◆ **WHAT TO WORK ON**
Look below for the line with "Perfect World - Chapitre 39 (VF)" and the line with "Transform Your Space"; repeat exactly those two lines and all lines between them, but no pictures.

◆ **DATA FOR PROCESSING**
---------------
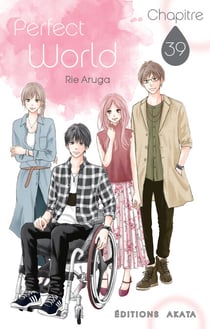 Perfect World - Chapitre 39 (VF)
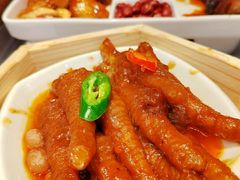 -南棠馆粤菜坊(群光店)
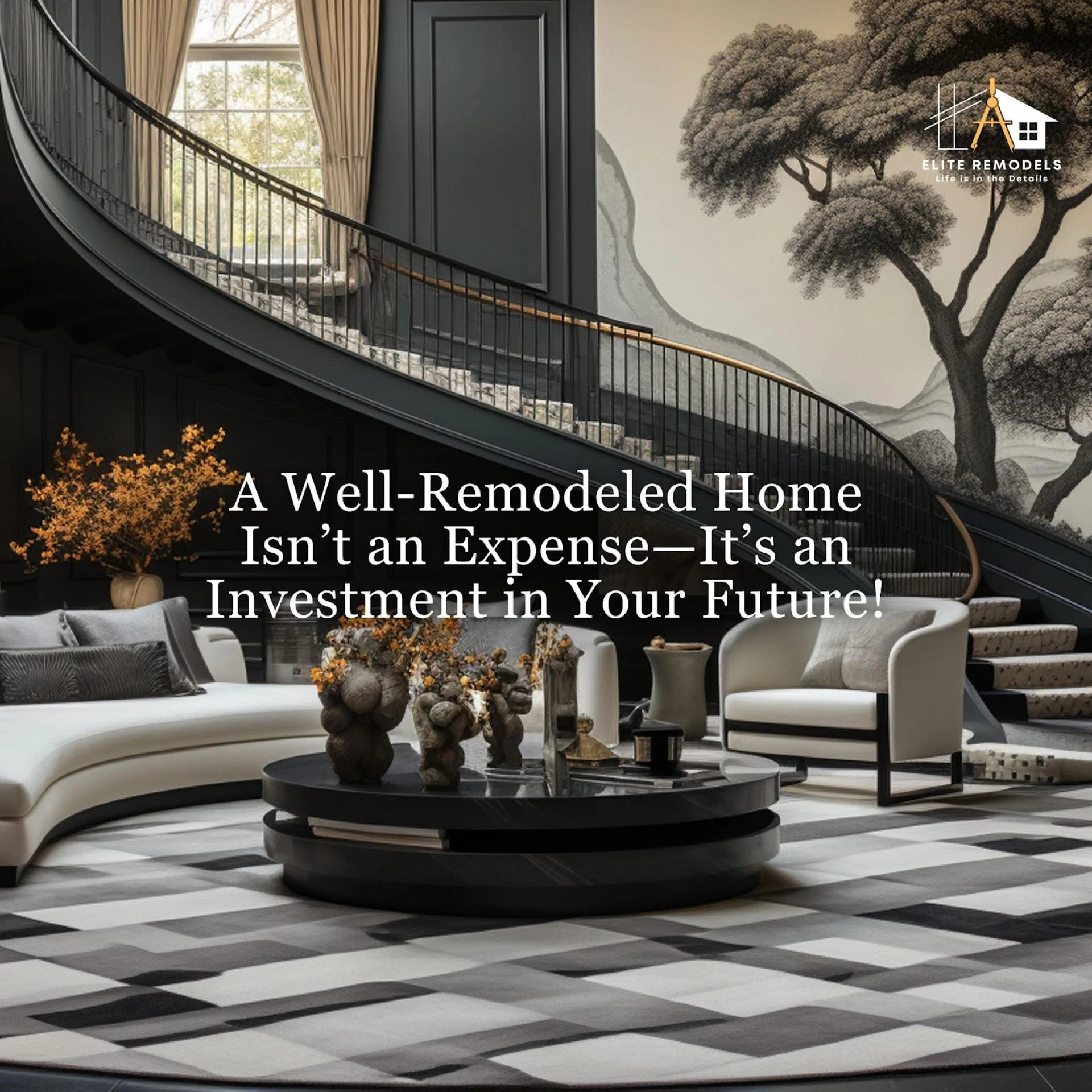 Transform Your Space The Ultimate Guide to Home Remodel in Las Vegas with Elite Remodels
---------------
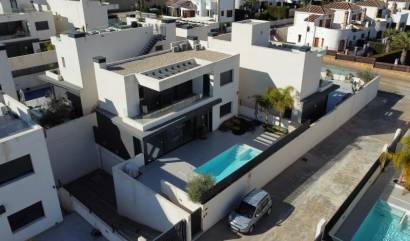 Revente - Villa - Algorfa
---------------
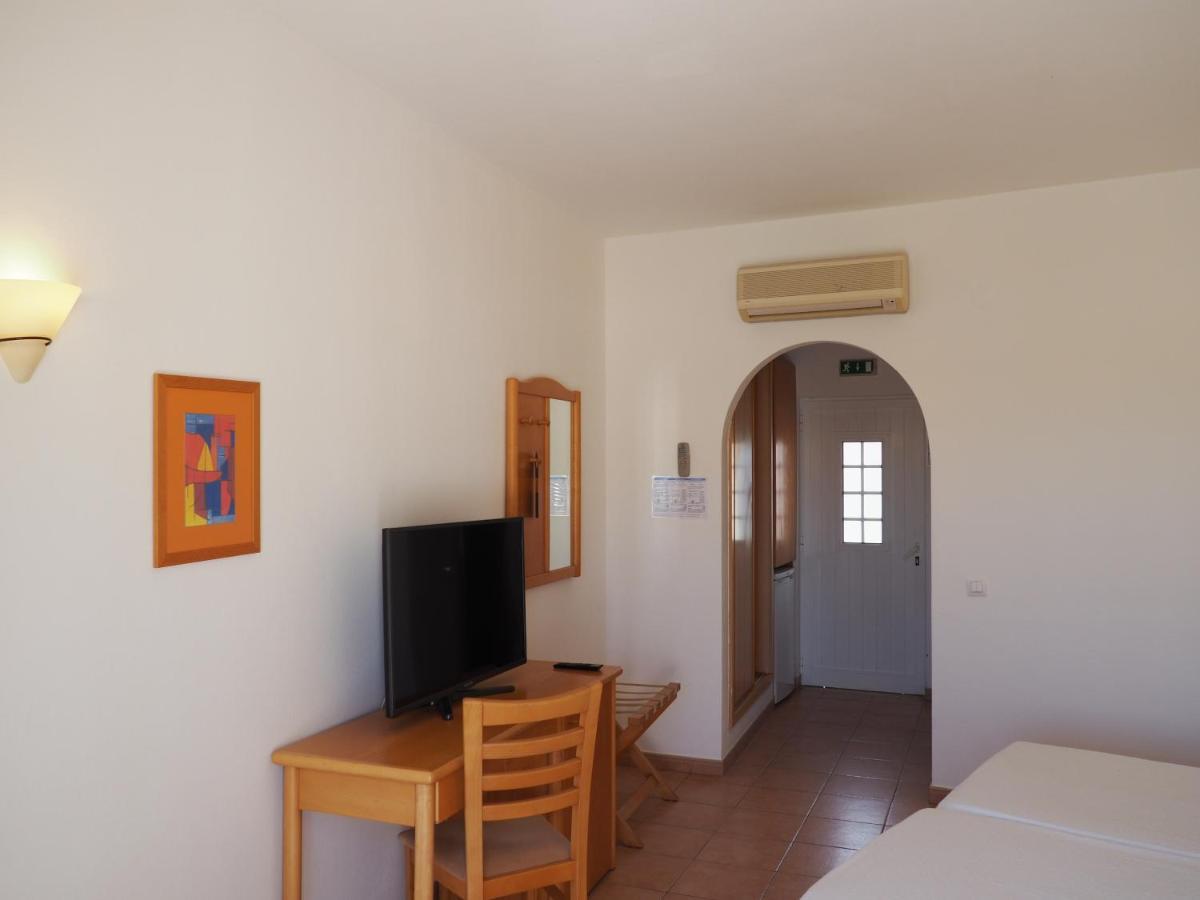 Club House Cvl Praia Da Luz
---------------
◆ **EXERCISE ANSWER**
 Perfect World - Chapitre 39 (VF)
 -南棠馆粤菜坊(群光店)
 Transform Your Space The Ultimate Guide to Home Remodel in Las Vegas with Elite Remodels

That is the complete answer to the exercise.